Luckily, they were able to get through the chat, which gave the TV presenter the opportunity to touch on more sensitive topics with Dave – something he says would have been a “remiss” if he chose to ignore.
“I think the highlight for me was that we told his story really well. And actually we didn’t miss anything out. There’s some pretty serious stuff that you’d be remiss if you didn’t cover, say the Nirvana years, but there’s not a lot that he hasn’t said about the Nirvana years but at the same time, if you’re telling the story of this incredible story of this man in rock music, then to not talk about one of the biggest bands in the world and his friend’s mental health and where that left them, would have been a remiss, so it’s a hard one as to how you tread that, and I think, you just have to try and do it with empathy.”
Dermot’s episode with Dave will air on BBC Two on March 27th, and over the year he’ll be joined by more celebrity guests.
Later this year, he’ll host the virtual BAFTAs alongside Clara Amfo and Edith Bowman.
Viewers were expecting to see him back on The X Factor, which he has hosted since 2007, minus a one year break in 2015.

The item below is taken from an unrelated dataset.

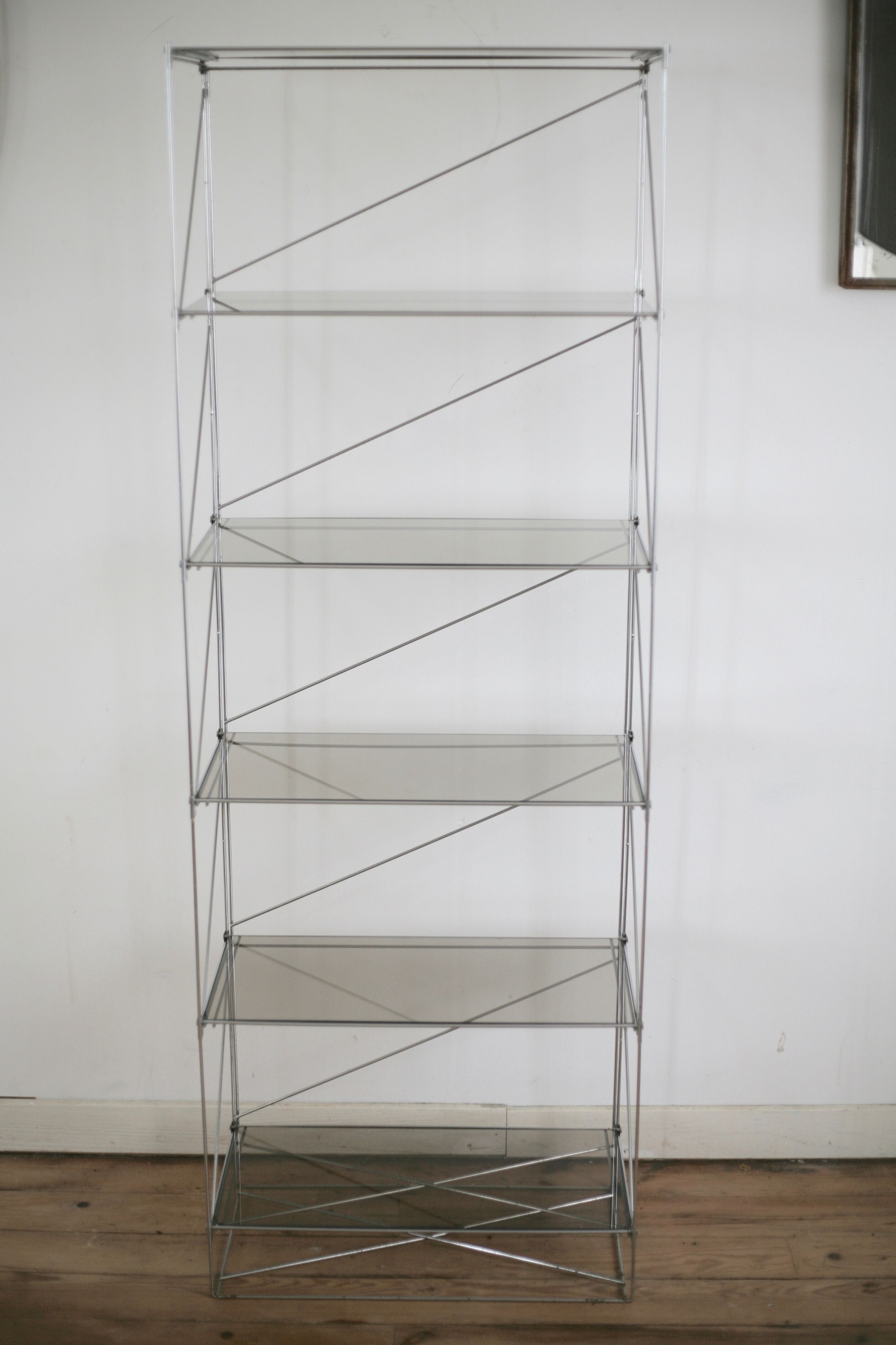Etagère Isocèle de Max Sauze, acier et verre fumé, France circa 1970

However, it’s unlikely the show will return for 2021, with reports suggesting it’ll be back on air in 2022.
“I’d be very surprised, well, I pretty much know it’s not going to come back this year,” Dermot told us.
Speaking of the show’s break in 2019 and 2020, he continued: “I think when we had a rest, we thought that was probably the right decision. What shape it comes back in, I don’t know. I’m in two minds, because half of me thinks there’s a reason why we rested it, because we were doing the same thing but then again, there is a real sense of simplicity to that show I love, which is great singers and great characters. It’s a celebration of British eccentricity! Let’s just get them out there and see where we end up.”
Dermot thinks The X Factor needs to continue moving with the times and adapt to changes in the music industry in order to thrive upon its return.
He said: “I think what’s interesting about the show is that it very much evolved to always mirror how people make music. So, when we first started, I know that the judges found it quite uncomfortable, particularly for Simon, when people would come on and go, ‘Tell me who you want me to be and I’ll do it,’ and you won’t get a career if you do that.”
Referencing previous stars of the show, he added: “All the people who have succeeded on that show are people who have walked to the beat of their own drum like, James Arthur and Ella Henderson. Even One Direction, who were a boyband, were very much a boyband who did things the way they wanted to do it, and you only have to see how well they’ve done off the back of it – Harry and Niall particularly. Whereas people towards the end were coming on and going, ‘Oh I’ve written half my album and I just need a leg up.’ And I think, if we do come back, that’s the area we need to inhabit – just actually giving people a leg up into the music industry.”